Entre los grandes retos estructurales que afectan actualmente al sector financiero, la transformación digital en su más amplio sentido es sin duda uno de los más trascendentes para el futuro de las entidades.
La transformación digital deriva, en primer lugar, de la propia evolución de los clientes bancarios. En porcentajes variables, pero ya claramente en el entorno del 50%, se han incorporado decididamente al mundo digital y ya realizan la mayor parte de las transacciones bancarias a través de canales no presenciales. Estos porcentajes crecen a gran velocidad y, si nos comparamos con lo que está sucediendo en otros mercados como el de los países escandinavos, no es difícil suponer que en poco tiempo estaremos en cuotas cercanas al 80%. Ello requiere que los bancos estén preparados para atender de forma eficiente estos nuevos canales de demanda y que puedan comercializar a través de ellos la totalidad, o la mayor parte, de sus productos y servicios.

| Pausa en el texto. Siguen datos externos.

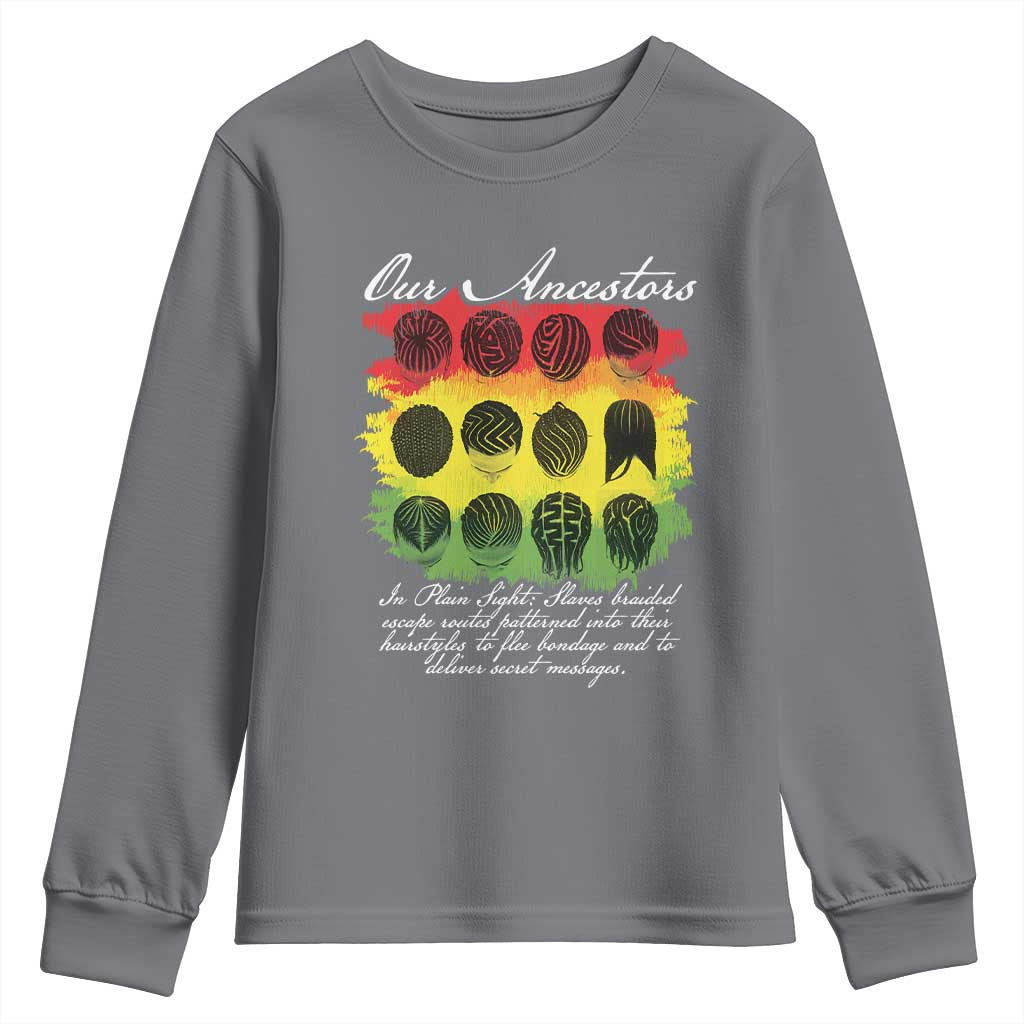Black History Youth Sweatshirt Our Ancestors Escape Routes Braids TS09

Deben hacerlo de forma eficiente para que, al diseñar sus nuevos procesos, sean capaces de proporcionar a sus clientes una experiencia grata, comparable a la que ofrecen otros proveedores de servicios, competidores o no de los bancos tradicionales. A diferencia de lo que ocurría no hace tanto tiempo, los bancos ya no son el único canal a través del que muchos clientes reciben servicios financieros y, además, existen muchos prestadores de servicios no financieros que están educando al cliente respecto de lo que constituye una forma eficiente de trabajar. En efecto, cada día, las Big Techs, norteamericanas y asiáticas básicamente, y las fintechs se interrelacionan con los clientes bancarios mostrándoles nuevos modos de hacer las cosas.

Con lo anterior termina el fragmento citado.